The soulful rendering you speak of came out in 1957 by the R&B group, the Velvetones (Aladdin 3372).
Other noteworthy “Glory of Love” waxings include ones by Sanford Clark (1957), Roommates (1961), Don Gardner & Dee Dee Ford (1962), Otis Redding (1967), and the Dells (1971).
It's nothing like the style of the Velvetones, but Sanford Clark's rock-a-ballad slant to “The Glory of Love” is a real gem.
DEAR JERRY: The group Climax is best known for “Precious and Few,” but I'd like to find the B-side of that hit. It is a sugary song that may be titled “Life and Breath,” but it doesn't seem to be available any longer.
Carl L. Graham, Chicago
DEAR CARL: I can see how this could be confusing, but clearing such things up is what we do.

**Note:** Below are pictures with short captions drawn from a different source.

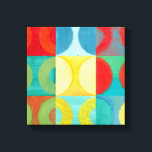 Bright Pop Art with Circles and Squares Canvas Print<br><div class="desc">Fluorescent is not just for lights anymore as proven by this wonderfully bright pop art piece. This print is a mash of square grids with coloured circles inside. If you love abstract art you'll love this print!</div>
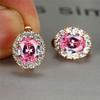 Dainty Bridal Crystal Oval Trendy Female Red Zircon Stone Earrings Vintage Rose Gold Color Wedding Jewelry For Women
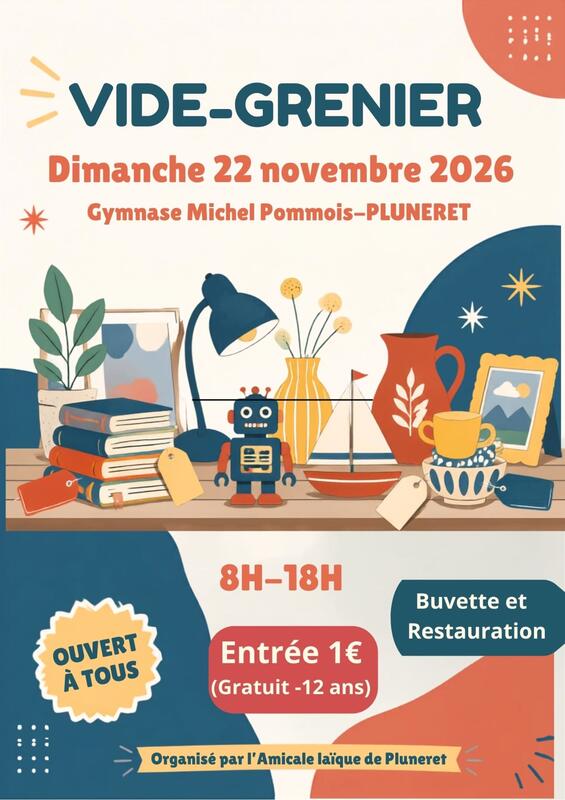 Affiche Vide-grenier de l'Amicale laïque à Pluneret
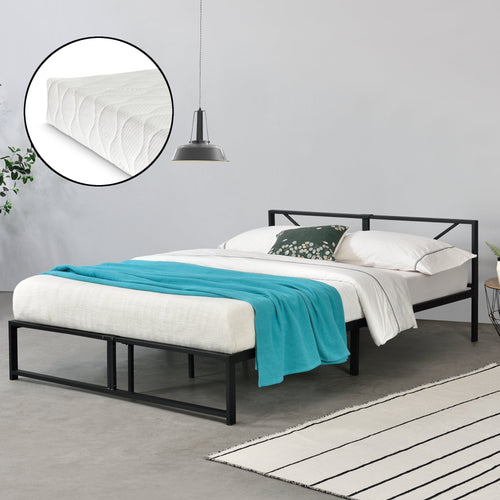 Metallbett Meran mit Matratze Stahl Schwarz [en.casa]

The original 1972 hit single of “Precious and Few” has “Park Preserve” as the flip (Rocky Road 30055). Their follow up, and only other hit, is “Life and Breath,” which has as its B-side, “If It Feels Good, Do It” (Rocky Road 30061).
Many years later, a back-to-back hits single came out, pairing their only two hits: “Precious and Few” and “Life and Breath” (Arise 091177). This is likely the one you recall.
Fortunately, this Climax disc is still available. Oldies.com (800 336-4627) has it for $2.50.
IZ ZAT SO? For those wondering about Perry Como's overall double-sided hit total (1943 to '60), add another 30 to the 14 noted above, giving him 44 for his career.
Then there is the ultra productive Bing Crosby, who, from 1931 to '56, turned out 70 double-sided hits.